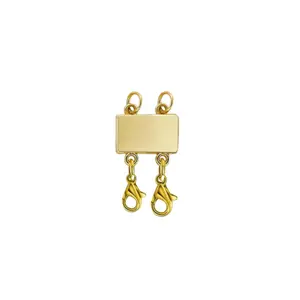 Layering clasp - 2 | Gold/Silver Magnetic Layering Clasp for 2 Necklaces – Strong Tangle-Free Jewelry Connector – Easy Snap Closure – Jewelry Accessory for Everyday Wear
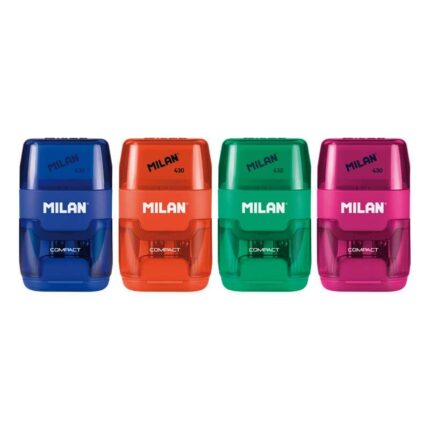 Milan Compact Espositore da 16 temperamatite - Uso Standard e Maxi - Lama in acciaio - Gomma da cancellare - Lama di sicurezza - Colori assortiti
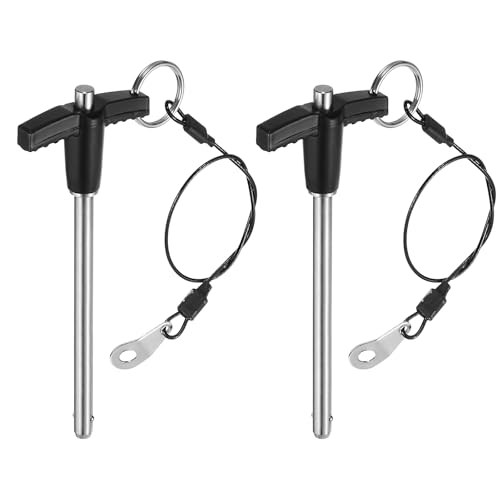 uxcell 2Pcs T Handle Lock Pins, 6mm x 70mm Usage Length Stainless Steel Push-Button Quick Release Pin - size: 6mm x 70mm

⁂

**Problem description**.
Starting with the line that contains "Milan Compact Espositore", give the lines again exactly as they appear through the last line of the data, pictures excluded.

**Result of the exercise**.
 Milan Compact Espositore da 16 temperamatite - Uso Standard e Maxi - Lama in acciaio - Gomma da cancellare - Lama di sicurezza - Colori assortiti
 uxcell 2Pcs T Handle Lock Pins, 6mm x 70mm Usage Length Stainless Steel Push-Button Quick Release Pin - size: 6mm x 70mm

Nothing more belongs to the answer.